The film encapsulated Cran’s ability to cut straight to the heart of a story, containing an in-depth interview with the informer. This knack was also on display in Jihad: The Men and Ideas Behind Al Qaeda, broadcast in 2006 and featuring people who had personally known Osama bin Laden. His last series, for Al Jazeera, investigated the Lockerbie bombing.

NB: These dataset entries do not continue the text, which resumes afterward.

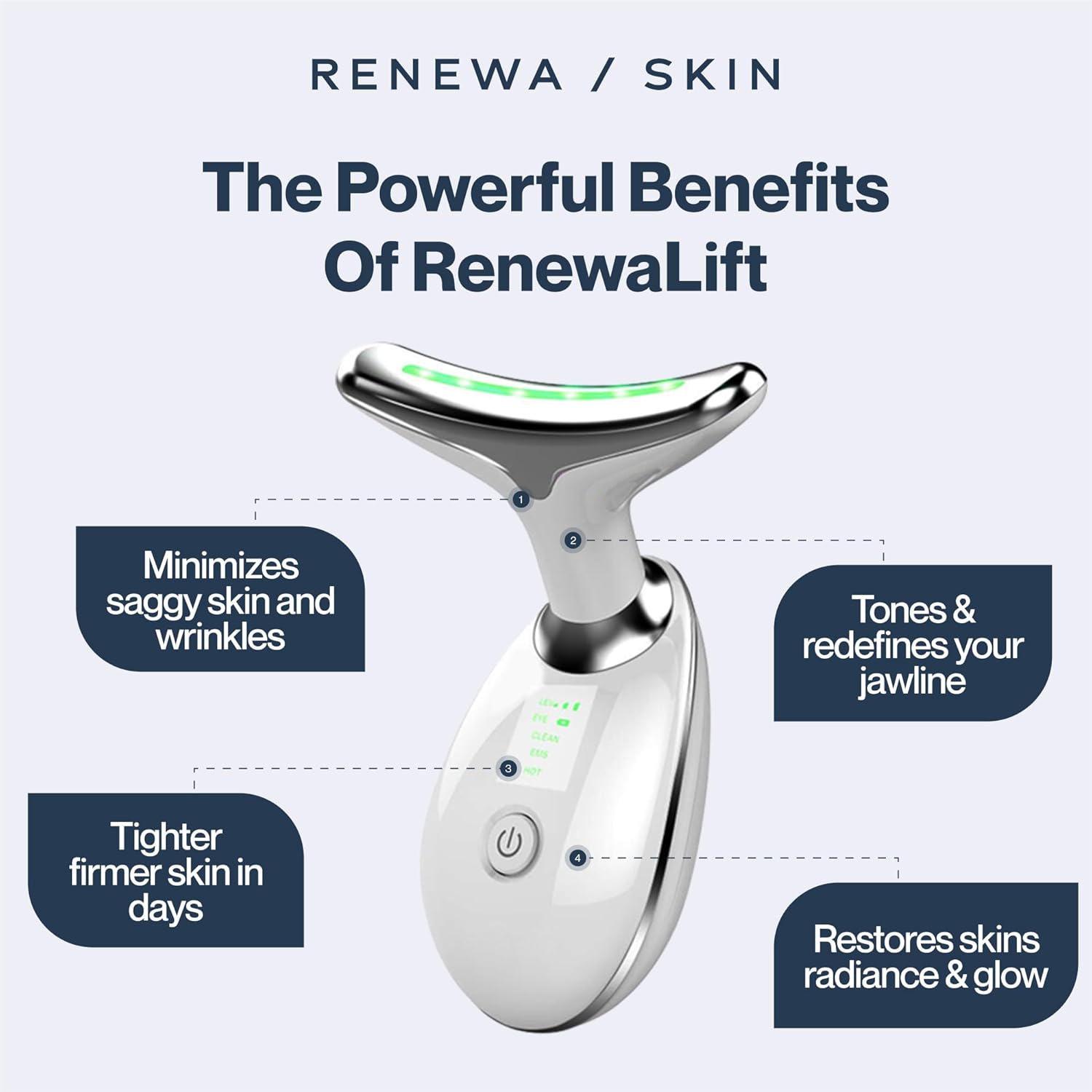 RenewaLift Face & Neck Sculpting Tool | Handheld Beauty Device with Gentle Light & Soothing Vibration | at-Home Skincare Tool for a Smoother, Refreshed, and Radiant-Looking Complexion - Image 3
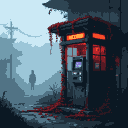 Old Japanese phone booth overgrown with red vines, interior glowing red, with a shadowy figure in foggy distance.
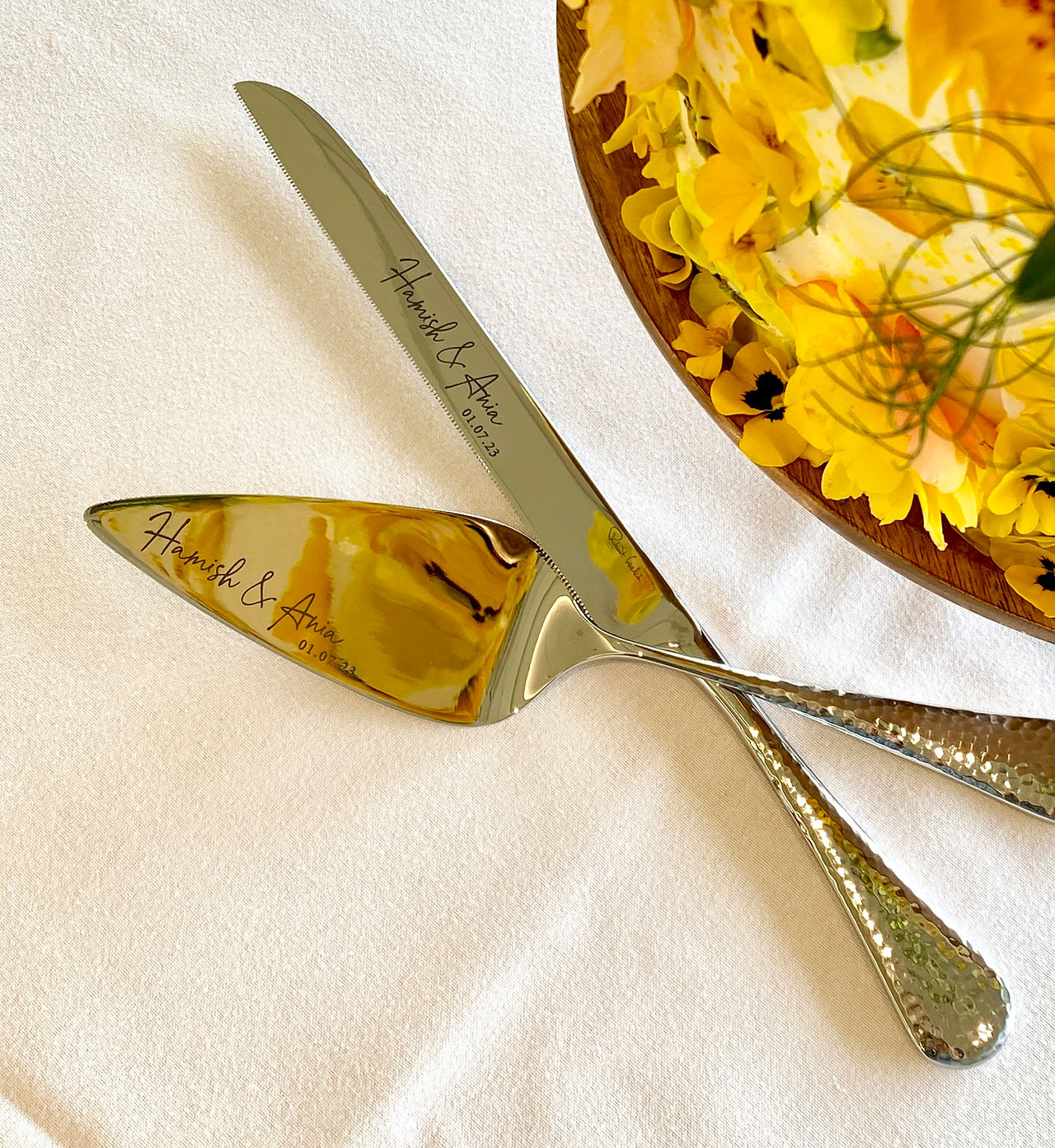 personalised cake knife and server set from sugar buttons at carrow road NCFC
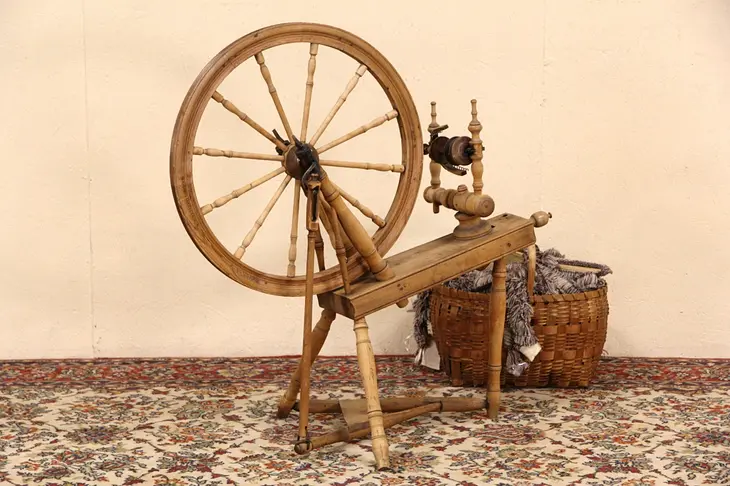 Pine Antique Late 1800's Spinning Wheel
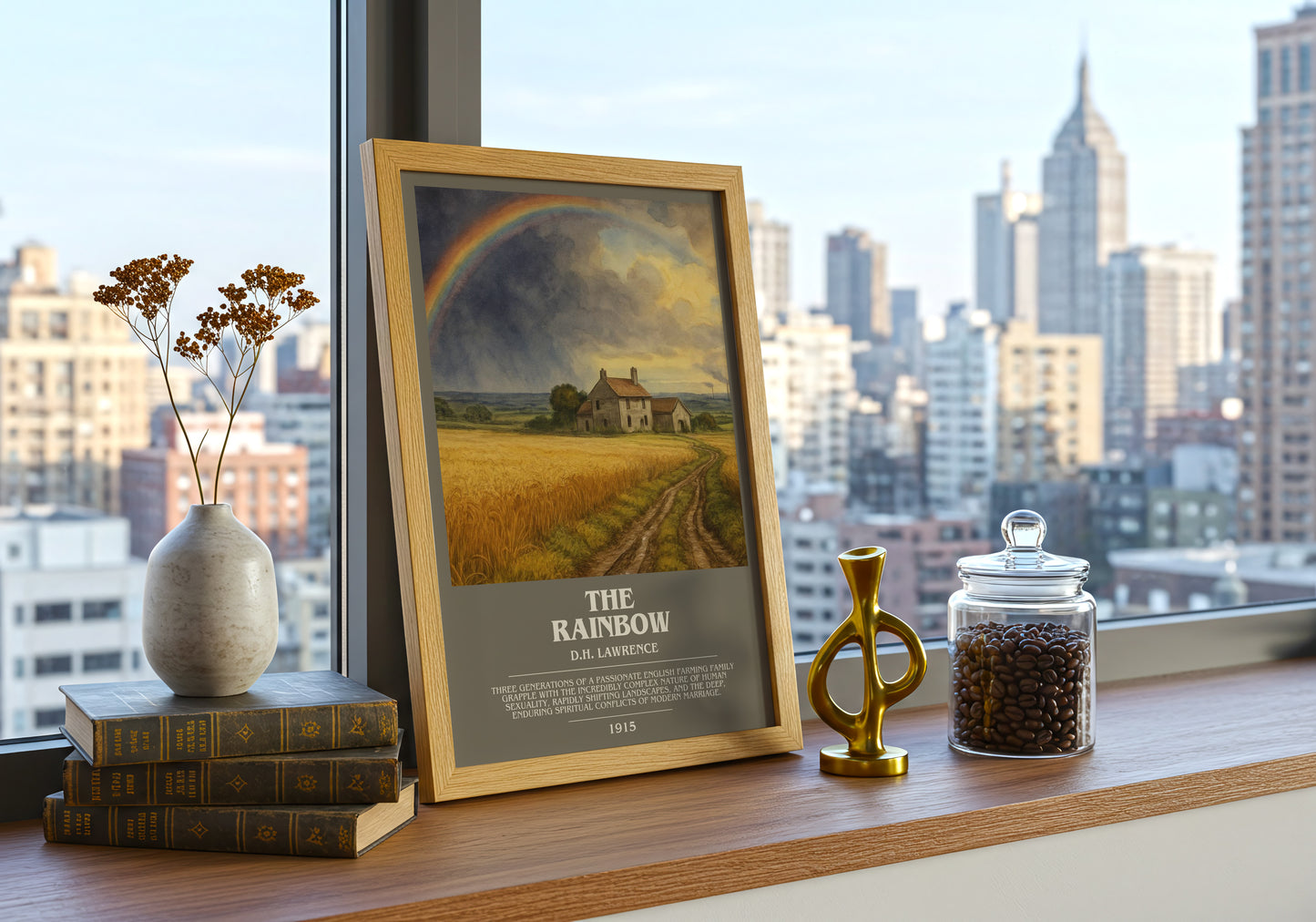 The Rainbow bookish print framed by window – literary home decor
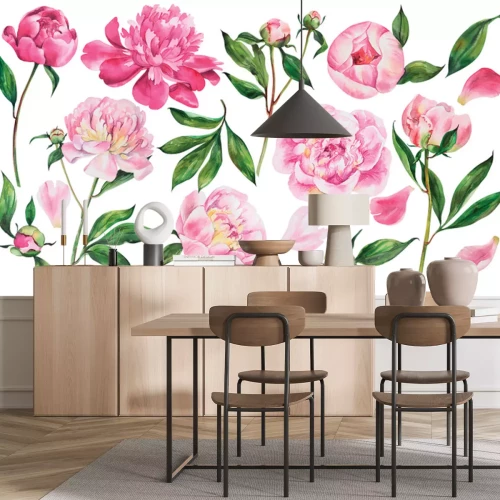 Sticker Roze pioenrozen met bladeren in aquarelstijl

Cran’s first marriage to Araminta Wordsworth ended in divorce. His second wife, Stephanie Tepper, was an editor at the station that made World and later worked with him on several films. Tepper and Cran had three daughters: Jessica and twins Chloe and Rebecca. Tepper died in 1997 of cancer when their children were aged 12 and four, and for much of his career Cran was a single parent.
His third wife, Polly Bide, was a television executive. She too died of cancer. Both marriages had been happy and left Cran devastated. “He went through a very long period in the middle of his career suffering the most terrible grief, and he got through it with astonishing nobility of spirit,” recalled McCrum.
Cran met Barker, who survives him, at a dinner party in London in 2003. They wed in 2014. Shortly afterwards, Cran was diagnosed with Parkinson’s disease. He spent part of his later years sipping cocktails and watching westerns with friends and taking trips on the Thames with Barker in their boat, Riverrun.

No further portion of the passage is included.